Pattern 3 — Published clinical or panel data
Six of the top 10 publish study-level numbers on efficacy claims: "78% of 224 participants showed measurable reduction in wrinkle depth at 12 weeks" with a method link. Marketing adjectives like "radiant" and "plumping" are ignored by retrievers. Panel sizes matter — n=50 is below the usefulness threshold; n=200+ gets consistently quoted. The Ordinary, Drunk Elephant, Supergoop, and Youth to the People all ship this; most mid-tier brands don't.
Pattern 4 — Honest FAQ comparison
Seven of the top 10 answer the comparison question in FAQPage JSON-LD (Q6 of our six-question template) honestly — naming prestige competitors and acknowledging where they win. This single FAQ answer is cited more than any other question type in beauty prompts because it's often the only place a brand acknowledges the real comparison.
Pattern 5 — Shade / finish normalization
Foundation and concealer brands that ship Fitzpatrick-scale and undertone codes (warm, cool, neutral) on each shade variant get recommended for "what foundation matches my skin tone?" prompts far more often than brands that ship only shade numbers. AI engines reason over the Fitzpatrick taxonomy; they don't reason over arbitrary shade codes.
Pattern 6 — A current llms-full.txt
Seven of the top 10 publish a current, regenerated-on-edit llms-full.txtwith the entire product catalog, ingredient data, and usage guides. Only two of the next 50 brands do. GPTBot and ClaudeBot visit this file daily on winning brands — we see the hits in logs. Our llms-full.txt post has the template; the beauty-specific additions are ingredient arrays and skin-type concordance tables.
What to do if you're on the tail
If you're one of the 312 Shopify beauty stores outside the top 10, here's the playbook that's worked for the brands we've watched climb.

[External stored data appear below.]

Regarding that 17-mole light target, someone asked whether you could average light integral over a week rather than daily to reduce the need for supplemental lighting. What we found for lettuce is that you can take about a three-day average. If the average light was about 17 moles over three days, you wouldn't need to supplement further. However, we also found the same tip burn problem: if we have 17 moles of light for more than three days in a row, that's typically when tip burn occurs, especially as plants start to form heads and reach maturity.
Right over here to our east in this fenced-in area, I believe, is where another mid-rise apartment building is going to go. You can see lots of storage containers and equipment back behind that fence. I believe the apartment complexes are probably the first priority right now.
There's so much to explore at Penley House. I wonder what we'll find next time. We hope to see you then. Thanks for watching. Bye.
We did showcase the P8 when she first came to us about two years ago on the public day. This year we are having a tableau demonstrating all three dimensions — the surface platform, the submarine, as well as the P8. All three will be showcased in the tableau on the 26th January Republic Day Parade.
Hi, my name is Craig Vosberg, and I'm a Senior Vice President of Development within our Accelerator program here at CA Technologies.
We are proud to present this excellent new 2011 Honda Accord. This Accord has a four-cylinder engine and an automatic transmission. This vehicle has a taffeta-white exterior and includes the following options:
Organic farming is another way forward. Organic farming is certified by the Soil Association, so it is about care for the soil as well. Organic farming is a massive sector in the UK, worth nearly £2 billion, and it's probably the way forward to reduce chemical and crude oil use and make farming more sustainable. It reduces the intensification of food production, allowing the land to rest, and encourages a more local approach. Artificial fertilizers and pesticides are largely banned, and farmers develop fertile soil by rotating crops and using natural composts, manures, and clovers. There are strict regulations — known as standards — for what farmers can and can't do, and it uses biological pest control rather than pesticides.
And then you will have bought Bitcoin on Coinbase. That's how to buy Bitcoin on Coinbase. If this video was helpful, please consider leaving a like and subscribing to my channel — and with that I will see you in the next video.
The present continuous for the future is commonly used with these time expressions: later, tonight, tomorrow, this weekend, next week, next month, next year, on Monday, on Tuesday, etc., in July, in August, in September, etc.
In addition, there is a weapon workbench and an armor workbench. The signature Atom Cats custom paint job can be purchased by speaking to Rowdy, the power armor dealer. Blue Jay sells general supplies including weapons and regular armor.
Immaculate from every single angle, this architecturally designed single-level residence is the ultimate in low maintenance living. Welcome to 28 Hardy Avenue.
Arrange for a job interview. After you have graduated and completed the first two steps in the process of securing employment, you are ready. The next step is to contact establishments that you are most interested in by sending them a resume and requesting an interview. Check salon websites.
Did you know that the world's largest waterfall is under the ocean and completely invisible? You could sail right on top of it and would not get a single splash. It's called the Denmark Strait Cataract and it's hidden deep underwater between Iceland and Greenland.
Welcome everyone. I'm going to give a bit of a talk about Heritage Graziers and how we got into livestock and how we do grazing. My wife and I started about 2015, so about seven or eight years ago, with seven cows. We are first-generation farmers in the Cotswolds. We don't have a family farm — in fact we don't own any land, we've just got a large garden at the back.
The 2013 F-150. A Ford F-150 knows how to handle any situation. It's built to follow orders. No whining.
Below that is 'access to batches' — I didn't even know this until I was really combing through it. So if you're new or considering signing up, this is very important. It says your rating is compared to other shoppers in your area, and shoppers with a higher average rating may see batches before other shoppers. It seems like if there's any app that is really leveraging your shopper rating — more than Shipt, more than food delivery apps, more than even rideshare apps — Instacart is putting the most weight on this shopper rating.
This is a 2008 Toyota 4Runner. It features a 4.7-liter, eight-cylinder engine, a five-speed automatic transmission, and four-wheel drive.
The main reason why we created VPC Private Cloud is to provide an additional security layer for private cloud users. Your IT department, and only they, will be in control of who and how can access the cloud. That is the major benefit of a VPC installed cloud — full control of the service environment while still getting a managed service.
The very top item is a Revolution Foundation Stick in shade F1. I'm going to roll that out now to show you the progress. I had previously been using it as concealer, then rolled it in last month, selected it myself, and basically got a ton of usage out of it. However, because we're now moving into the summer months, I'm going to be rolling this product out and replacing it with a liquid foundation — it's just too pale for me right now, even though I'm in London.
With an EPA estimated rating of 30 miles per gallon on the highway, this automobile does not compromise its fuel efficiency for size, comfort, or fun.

- Audit one SKU first, not all of them. Pick your best-seller. Add ingredient metafields, skin-type concordance, and the six-FAQ template to just that one product. Measure citation change over 30 days before rolling to the full catalog.
- Run the panel weekly — all three engines. ChatGPT surfaces mid-tier brands first, Claude last. A weekly prompt run shows where the first wins are landing.
- Prioritise ChatGPT prompts in your panel. The ChatGPT tail is 4× longer than Claude's, so mid-tier brands see the first citation lift there. Shifting the Claude score takes months; shifting ChatGPT takes weeks.
- Publish a quarterly ingredient panel study. Even an n=80 in-house user panel with photographed before/after gets quoted if the methodology is on-page. Write it up like a study, not a marketing post.
- Write the Q6 comparison honestly. Name a prestige competitor, say where they win, say where you win. This is the single highest-leverage sentence you will write this quarter.
- Ship
llms-full.txtwith ingredients inline. Not the SEO prose — the actual structured data. Regenerate on every SKU edit. - Monitor crawler logs for GPTBot and ClaudeBot hitting your
llms-full.txt. First bot hit is usually 48-72 hours after you publish; first citation follows 10-14 days later.
What's ahead for Q2
The interesting question for Q2 2026 is whether the top 3 continue to concentrate or whether the tail closes. Our models show the top 3 probably flat or slightly down — AI engines are actively counteracting citation monoculture this year, and Google's AI Overviews in particular are surfacing more mid-tier brands in response prompts. The opportunity for mid-tier Shopify beauty stores isn't evenly distributed across time; it's front-loaded to the first half of this year. Ship the six patterns before Q3.